空值衍生得到的还是空值
代码:
import featuretools as ft
import pandas as pd
df = pd.DataFrame(data={"x1": [None,2,3], 'x2': [4, 5, 6]})
es = ft.EntitySet(id='es_hypernets_fit')
es.entity_from_dataframe(entity_id='e_hypernets_ft', dataframe=df, make_index=True, index='e_hypernets_ft_index')
feature_matrix, feature_defs = ft.dfs(entityset=es, target_entity="e_hypernets_ft",
ignore_variables={"e_hypernets_ft": []},
return_variable_types="all",
trans_primitives=['add_numeric', 'subtract_numeric'],
max_depth=1,
features_only=False,
max_features=-1)
print(feature_matrix)
输出:
x1 x2 x1 + x2 x1 - x2
e_hypernets_ft_index
0 NaN 4 NaN NaN
1 2.0 5 7.0 -3.0
2 3.0 6 9.0 -3.0
只要跟空值有关的衍生列,都是NaN,建议在衍生前对空值进行填充。
衍生可能产生异常值
对于n/0这种情况,会得到inf
:
import featuretools as ft
import pandas as pd
df = pd.DataFrame(data={"x1": [1,2,3], 'x2': [0, 5, 6]})
es = ft.EntitySet(id='es_hypernets_fit')
es.entity_from_dataframe(entity_id='e_hypernets_ft', dataframe=df, make_index=True, index='e_hypernets_ft_index')
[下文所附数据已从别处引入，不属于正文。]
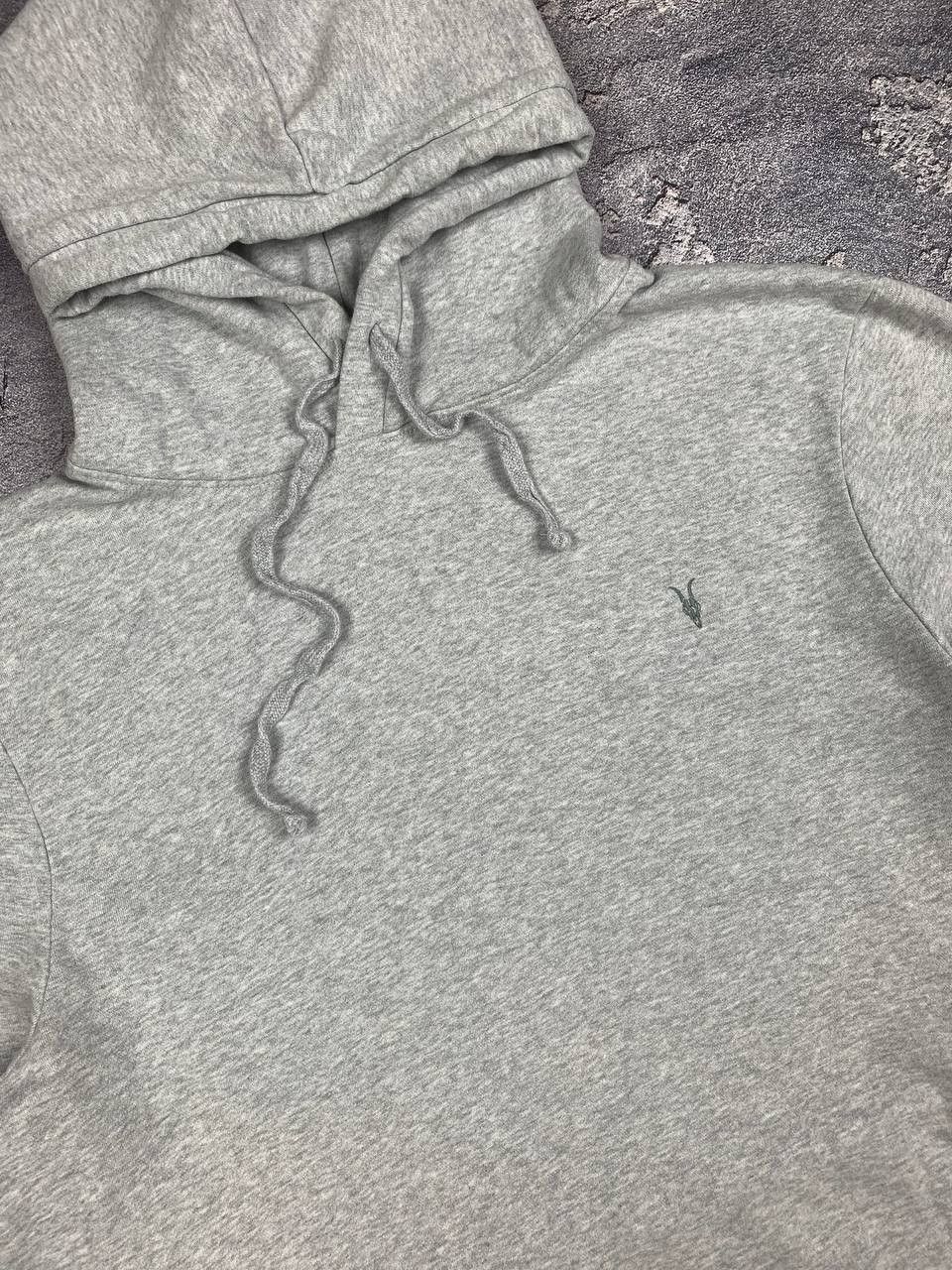 Allsaints AllSaints Hoodie L Gray Cotton Pullover Sweatshirt Logo Size US L / EU 52-54 / 3 - 6 Thumbnail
feature_matrix, feature_defs = ft.dfs(entityset=es, target_entity="e_hypernets_ft",
ignore_variables={"e_hypernets_ft": []},
return_variable_types="all",
trans_primitives=['divide_numeric'],
max_depth=1,
features_only=False,
max_features=-1)
print(feature_matrix)
结果为:
x1 x2 x1 / x2 x2 / x1
e_hypernets_ft_index
0 1 0 inf 0.0
1 2 5 0.4 2.5
2 3 6 0.5 2.0
如果算法无法处理极大/小值,建议在衍生之后进行替换。
实验在featuretools ==0.18.1
上进行。